§ **Required action**: For this listing, reproduce the line with "Letters Dry Transfer", the line with "1girl bag black_hair", and the lines between, exactly as they stand. Leave out pictures and all other lines.

§ **Provided data**:
══════

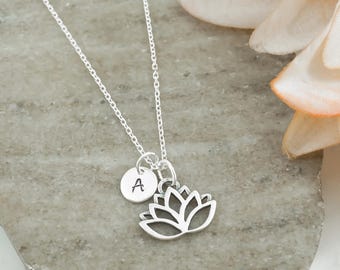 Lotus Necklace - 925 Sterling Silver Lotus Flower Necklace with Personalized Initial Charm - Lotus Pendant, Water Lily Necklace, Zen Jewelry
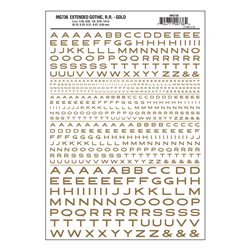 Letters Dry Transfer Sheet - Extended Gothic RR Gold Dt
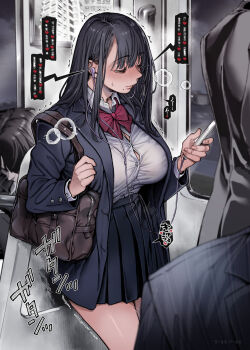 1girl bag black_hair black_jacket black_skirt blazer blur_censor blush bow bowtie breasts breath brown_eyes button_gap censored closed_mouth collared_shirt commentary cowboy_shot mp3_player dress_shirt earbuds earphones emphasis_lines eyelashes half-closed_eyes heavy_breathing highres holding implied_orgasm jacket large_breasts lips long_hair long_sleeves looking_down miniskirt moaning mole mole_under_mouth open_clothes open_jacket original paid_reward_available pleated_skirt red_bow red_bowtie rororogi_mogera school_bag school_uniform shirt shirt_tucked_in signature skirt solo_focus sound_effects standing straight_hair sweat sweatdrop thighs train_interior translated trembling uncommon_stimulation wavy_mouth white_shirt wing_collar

══════

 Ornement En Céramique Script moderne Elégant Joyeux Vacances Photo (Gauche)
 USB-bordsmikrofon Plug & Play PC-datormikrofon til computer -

══════

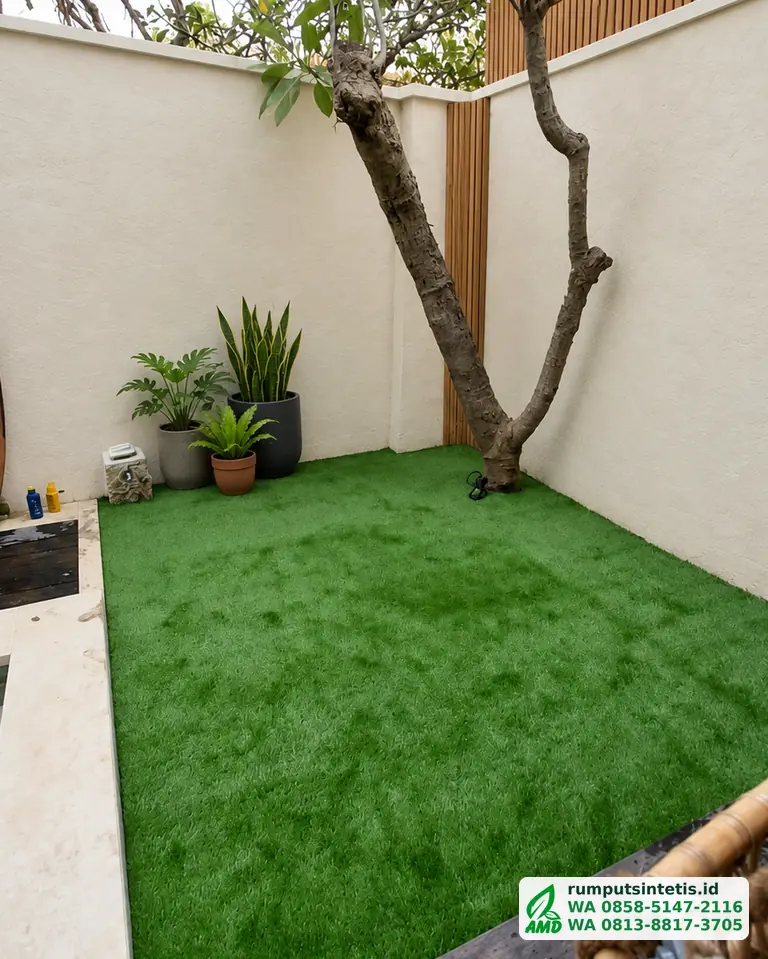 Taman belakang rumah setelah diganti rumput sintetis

══════

§ **Exercise result**:
 Letters Dry Transfer Sheet - Extended Gothic RR Gold Dt
 1girl bag black_hair black_jacket black_skirt blazer blur_censor blush bow bowtie breasts breath brown_eyes button_gap censored closed_mouth collared_shirt commentary cowboy_shot mp3_player dress_shirt earbuds earphones emphasis_lines eyelashes half-closed_eyes heavy_breathing highres holding implied_orgasm jacket large_breasts lips long_hair long_sleeves looking_down miniskirt moaning mole mole_under_mouth open_clothes open_jacket original paid_reward_available pleated_skirt red_bow red_bowtie rororogi_mogera school_bag school_uniform shirt shirt_tucked_in signature skirt solo_focus sound_effects standing straight_hair sweat sweatdrop thighs train_interior translated trembling uncommon_stimulation wavy_mouth white_shirt wing_collar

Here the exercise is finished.